I found one solution to enable this modes on nvidia:

/usr/bin/nvidia-smi -pm ENABLED
/usr/bin/nvidia-smi -c EXCLUSIVE_PROCESS

and put this into /etc/rc.local but this did not solved that issue. Maybe there is some workaround how to restart drivers without restarting whole PC which is annoying.

BTW. At the same time when I got this error message command nvidia-smi works perfectly and I can see GPU and display utilization with process running there.

2 Likes

I have this problem too. I haven’t found a real solution other than unloading and reloading the nvidia kernel module.

sudo rmmod nvidia_uvm
sudo modprobe nvidia_uvm

Note that to be able to unload the module any process using it will need to be terminated (if using a notebook just restart the kernel).

3 Likes

Thx! That is fantastic workaround. I allready posted on official nvidia support forum, maybe they will fix this bug soon.

Just for the record for the other people having the same problem I created following file:

-rwxr-xr-x 1 root root 162 cze 9 21:16 nvidia-reload

File /etc/pm/sleep.d/nvidia-reload:

#! /bin/sh
# Workaround for not working nvidia cuda after suspend
case $1 in
    resume|thaw)
	sudo rmmod nvidia_uvm
	sudo modprobe nvidia_uvm
    ;;
esac

Now this is called every time computer is booted from suspend.

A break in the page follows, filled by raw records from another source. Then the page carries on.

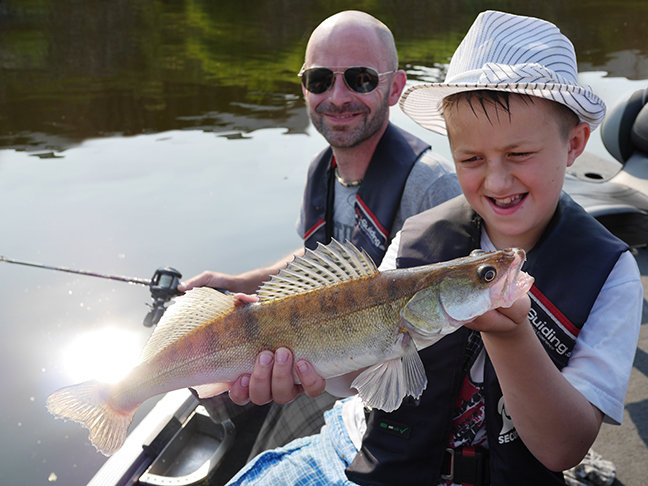 Pro-Guiding-Zander15133
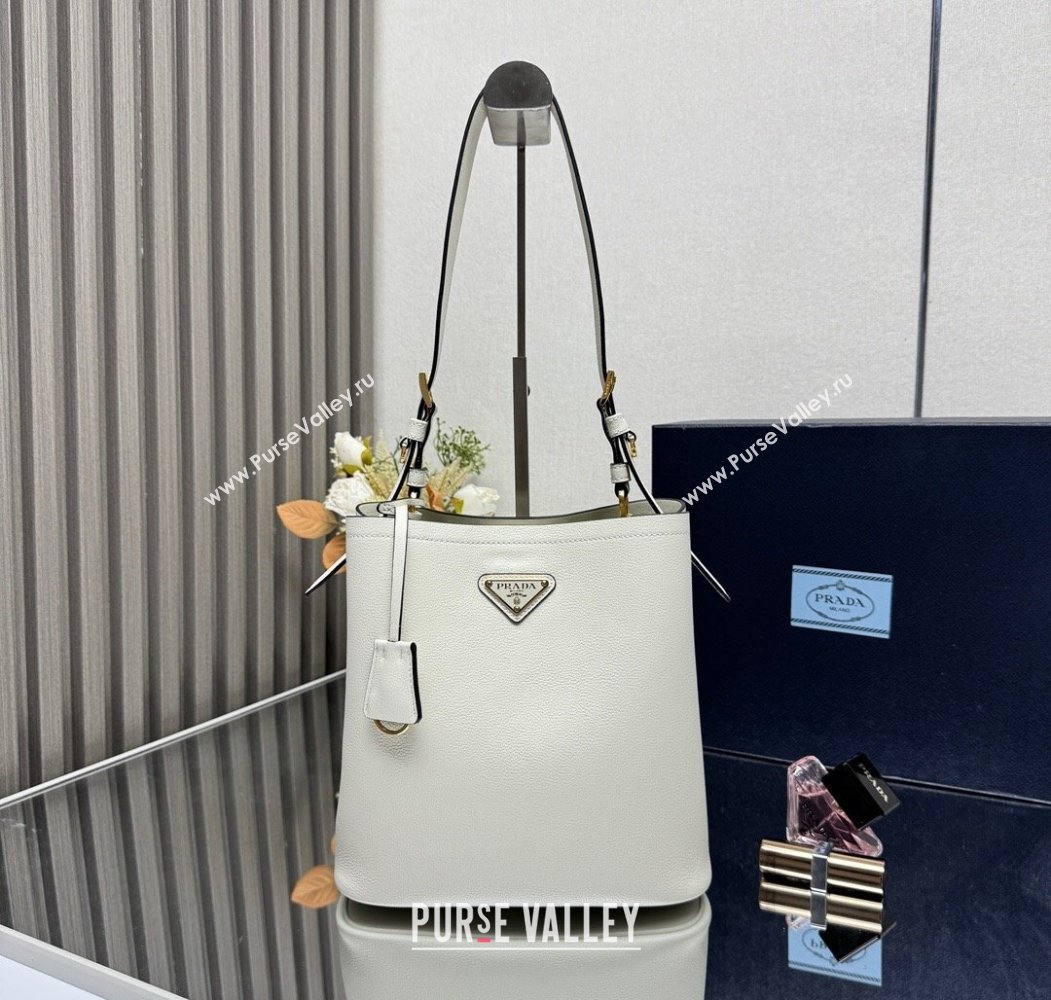 Prada Medium leather bucket bag White 2025 1BE080 (YZ-250927057)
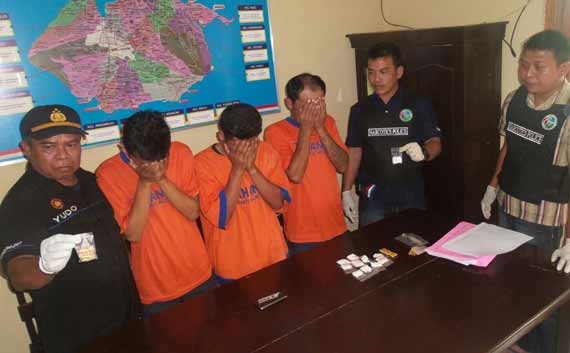 Tiga tersangka saat diamankan di Mapolres Kediri. foto: dendi martoni/BANGSAONLINE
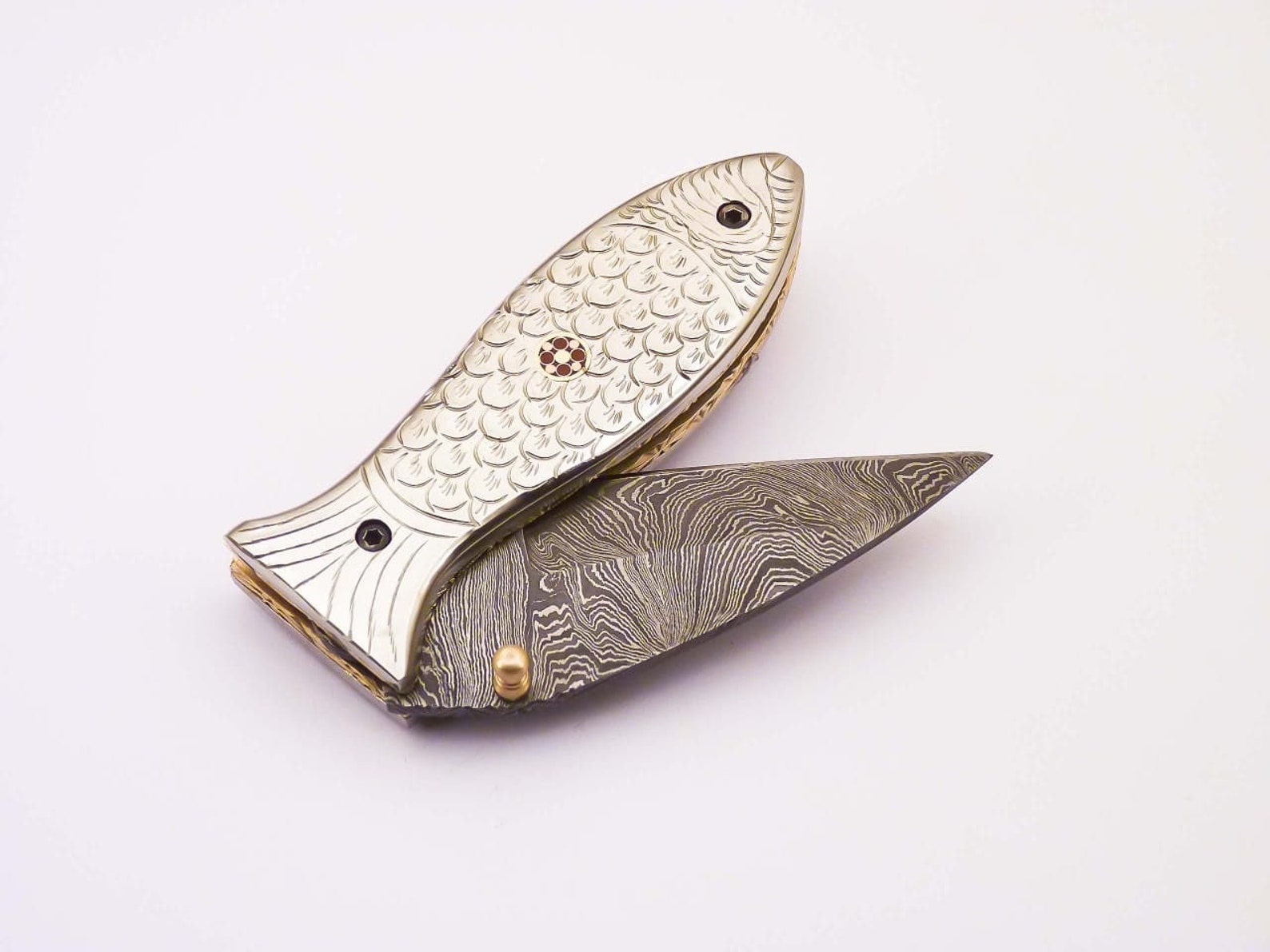 Personalized Custom Damascus Steel Lxuary Knife Folding Pocket Knife Hunting Knife with Handle Silver with Leather Sheeth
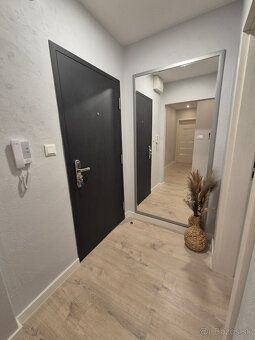 Pripravujeme na predaj 2i Slnečný BYT v meste DUNAJSKÁ STRED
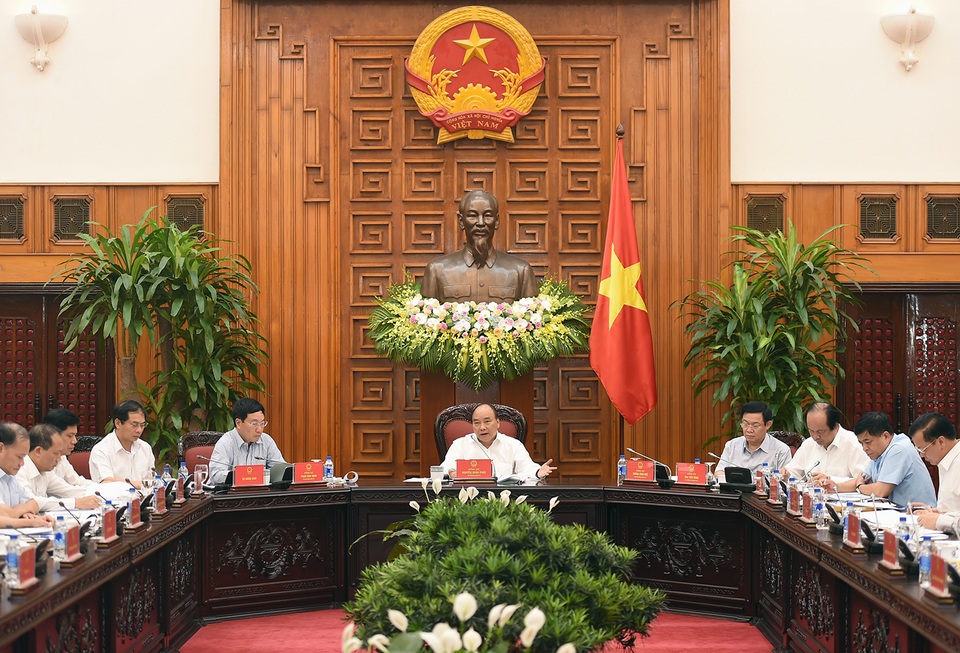 Thủ tướng: Lựa chọn nhà thầu tránh lặp lại trường hợp Cát Linh - Hà Đông - 2 Thủ tướng nêu rõ với các bộ ngành: “Không làm được thì thôi, đừng làm. Không làm được thì sẽ cắt vốn chứ không thể cứ do dự mãi được”.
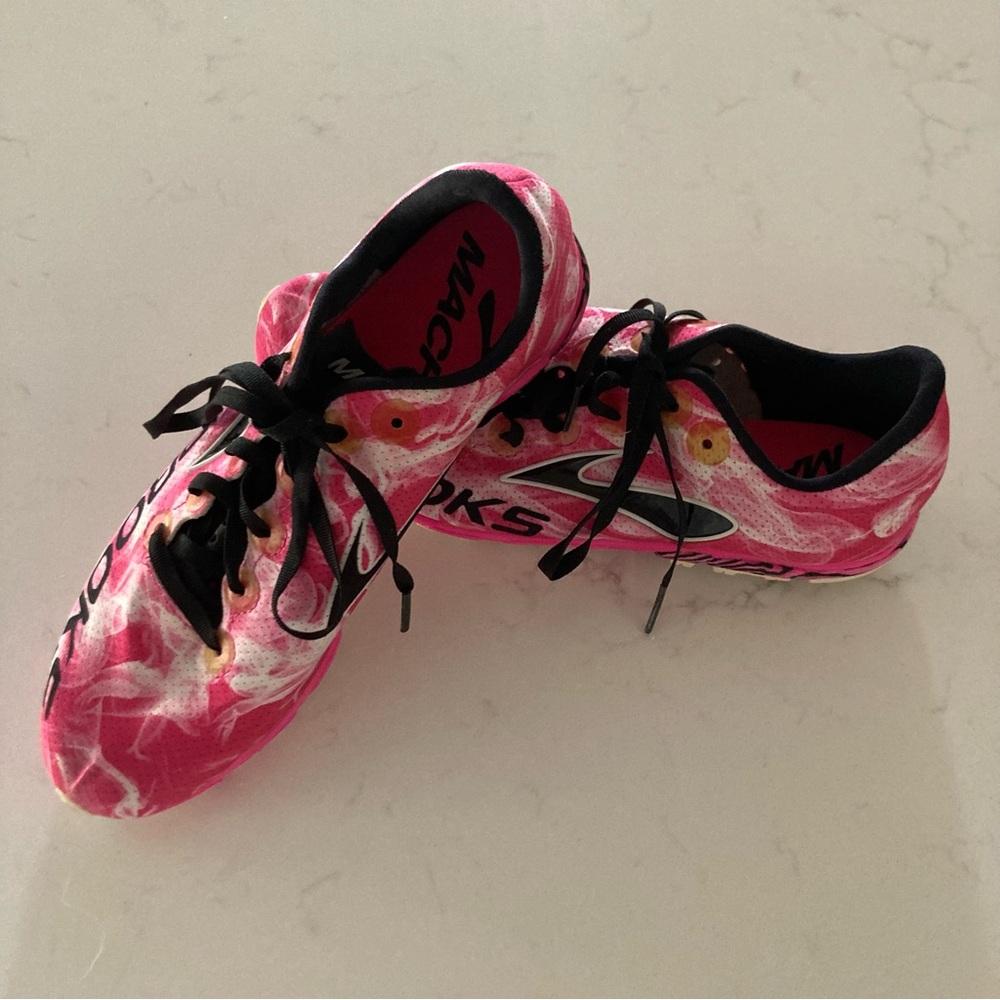 Brooks Mach 15 Featherlite Metal Spike Track Field Pink Cleats, size 7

If I suspend during the training of my module, using pm-suspend.
Hours later, when I wake up my server again, will the training continue ?
Or I need to re-train again ?

By the way… Had the same issue in Ubuntu 16.04 and the above script (thanks cypress!) and location had to be modified to

File /lib/systemd/system-sleep/nvidia-reload
-rwxr-xr-x 1 root root 238 Jun 17 06:13 nvidia-reload

case “$1” in
post)
sudo rmmod nvidia_uvm
sudo modprobe nvidia_uvm
;;
esac

Perhaps sudo is not needed in a system-wide script?